SUPPLIED ENTRIES =>
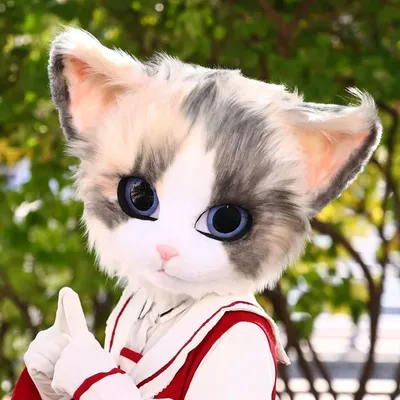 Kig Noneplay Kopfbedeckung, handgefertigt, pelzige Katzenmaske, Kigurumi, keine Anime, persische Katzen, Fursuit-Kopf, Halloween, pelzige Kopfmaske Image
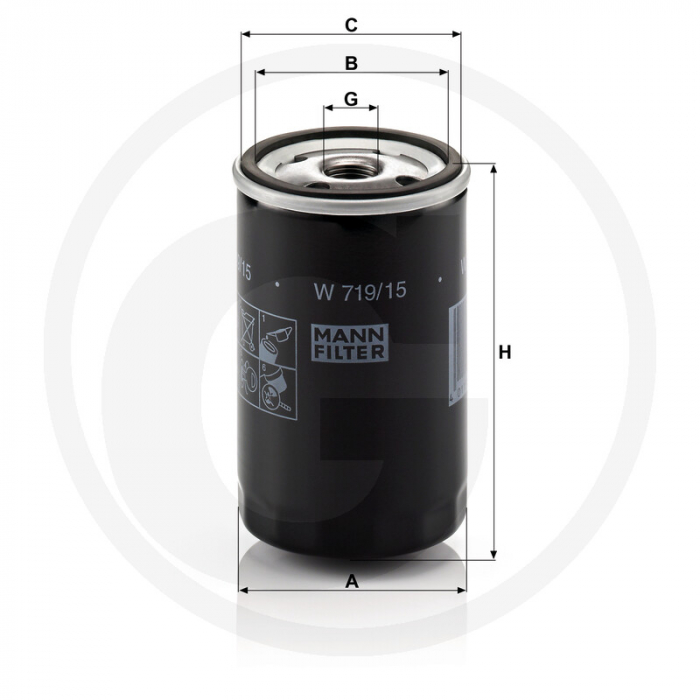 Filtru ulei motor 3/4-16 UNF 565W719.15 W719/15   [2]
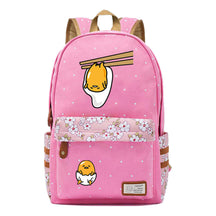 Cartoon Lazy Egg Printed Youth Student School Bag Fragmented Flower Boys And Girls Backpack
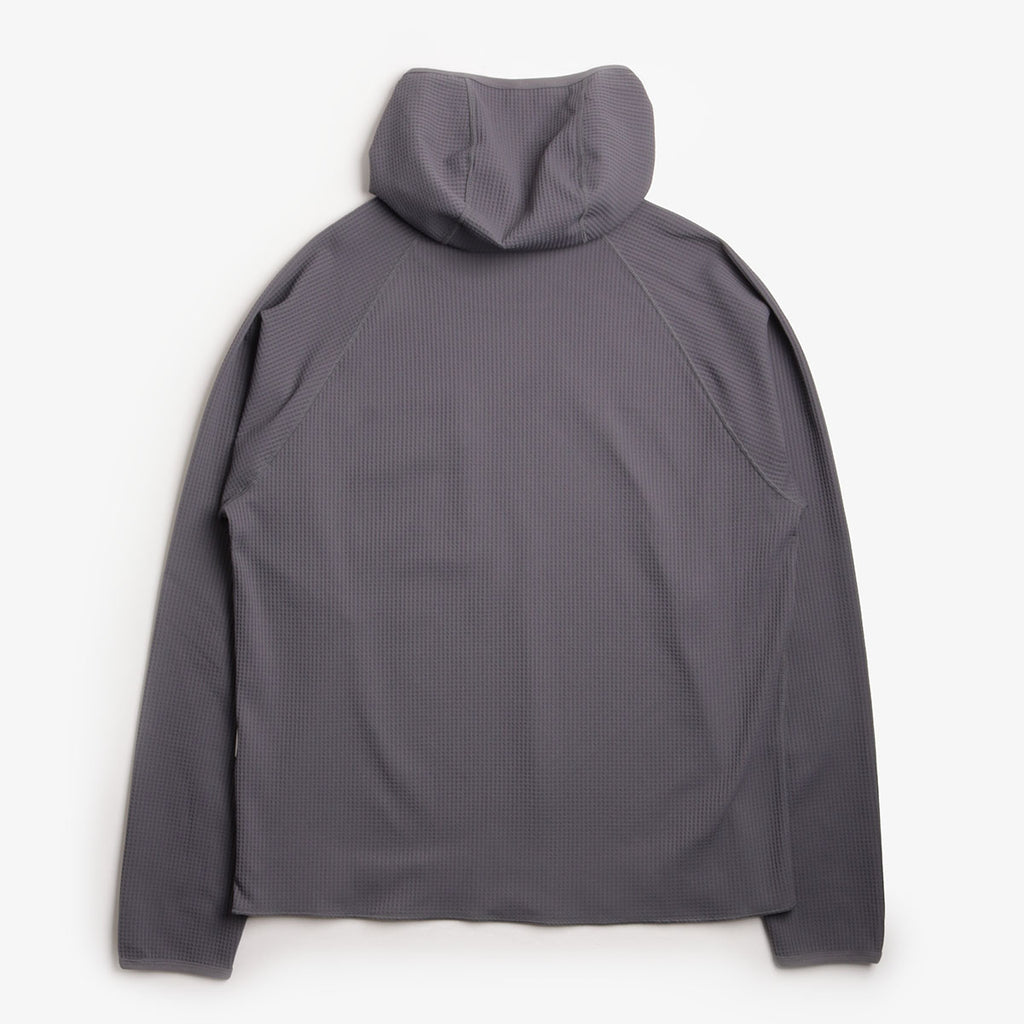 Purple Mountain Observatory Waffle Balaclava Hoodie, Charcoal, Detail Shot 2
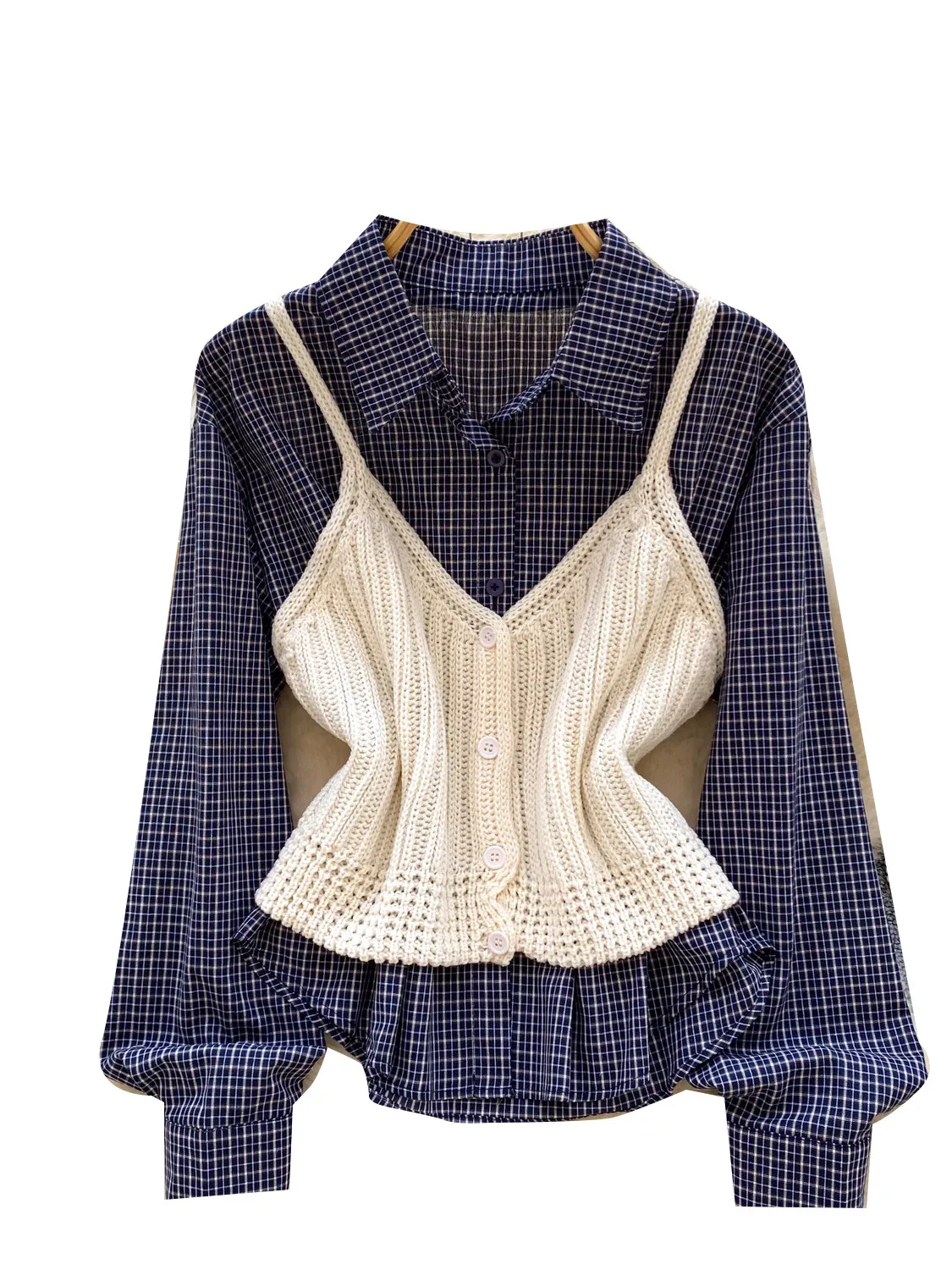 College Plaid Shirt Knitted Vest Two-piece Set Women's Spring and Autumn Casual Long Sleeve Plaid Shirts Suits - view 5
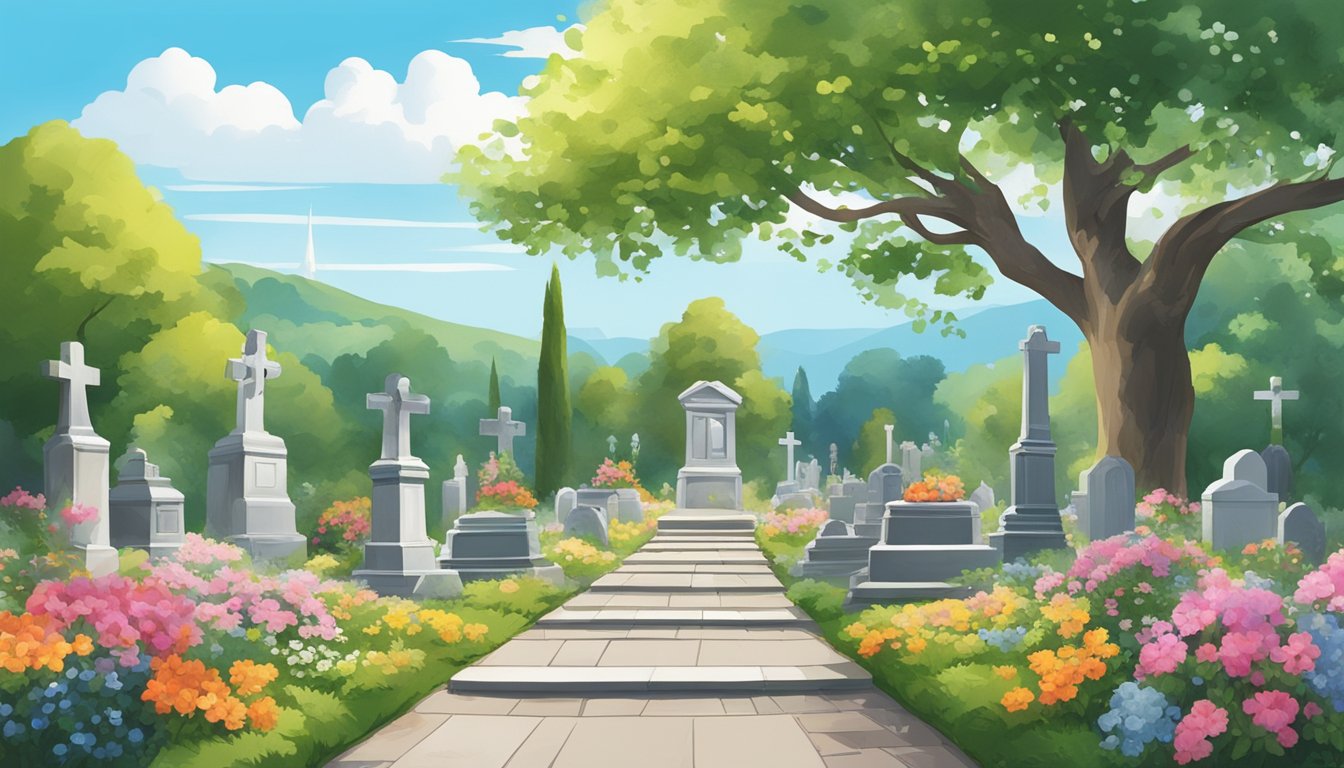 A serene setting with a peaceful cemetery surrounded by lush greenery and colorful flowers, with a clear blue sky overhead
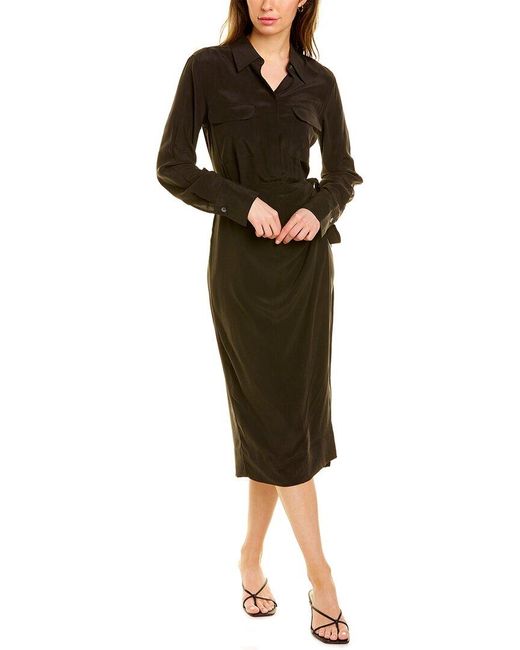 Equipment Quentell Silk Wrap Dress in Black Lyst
* * *
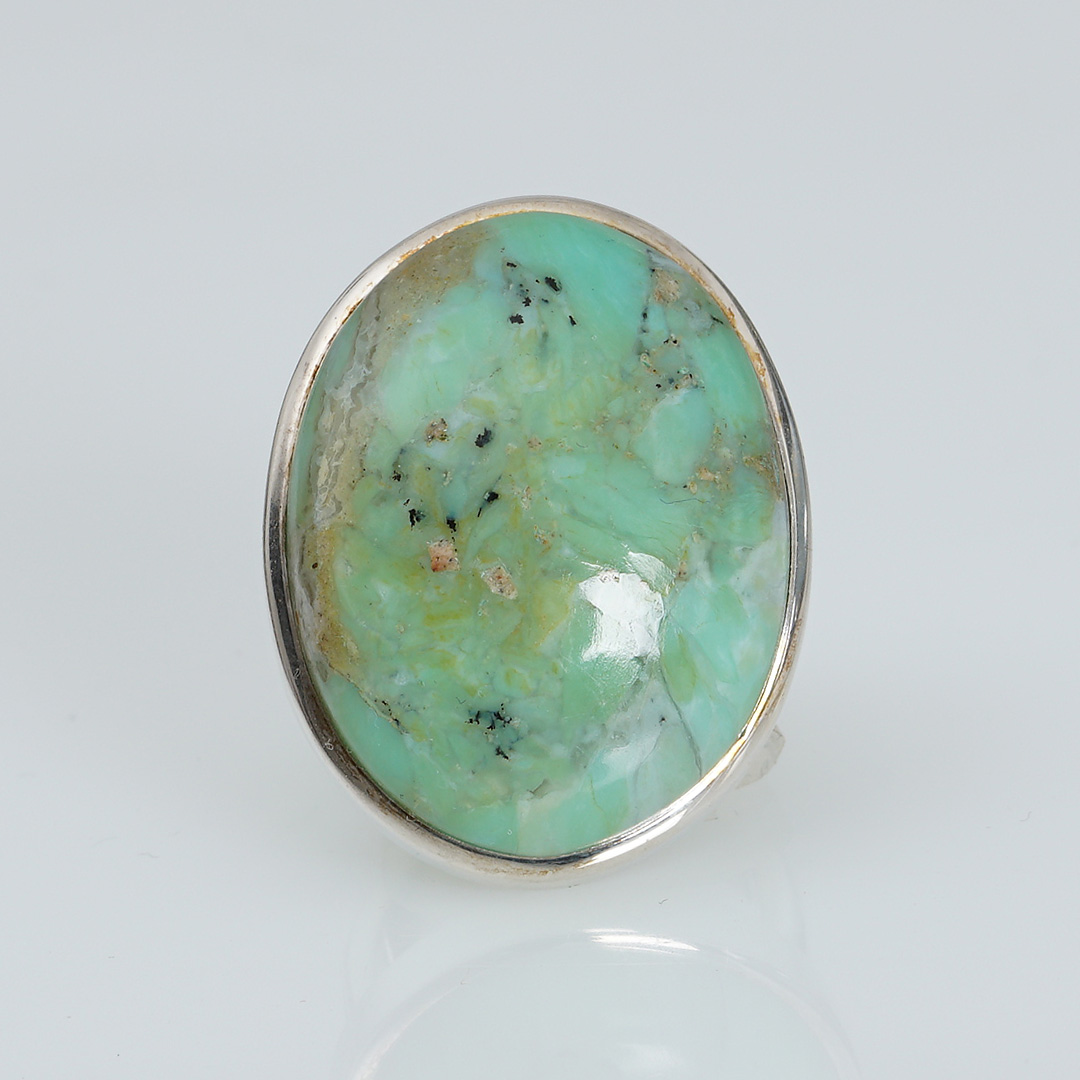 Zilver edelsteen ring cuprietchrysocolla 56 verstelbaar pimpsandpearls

REQUIRED ACTION => All lines above starting at the one with "Cartoon Lazy Egg" and ending at the one with "College Plaid Shirt", inclusive, are to be printed again exactly, with the pictures left out.

FINAL ANSWER =>
 Cartoon Lazy Egg Printed Youth Student School Bag Fragmented Flower Boys And Girls Backpack
 Purple Mountain Observatory Waffle Balaclava Hoodie, Charcoal, Detail Shot 2
 College Plaid Shirt Knitted Vest Two-piece Set Women's Spring and Autumn Casual Long Sleeve Plaid Shirts Suits - view 5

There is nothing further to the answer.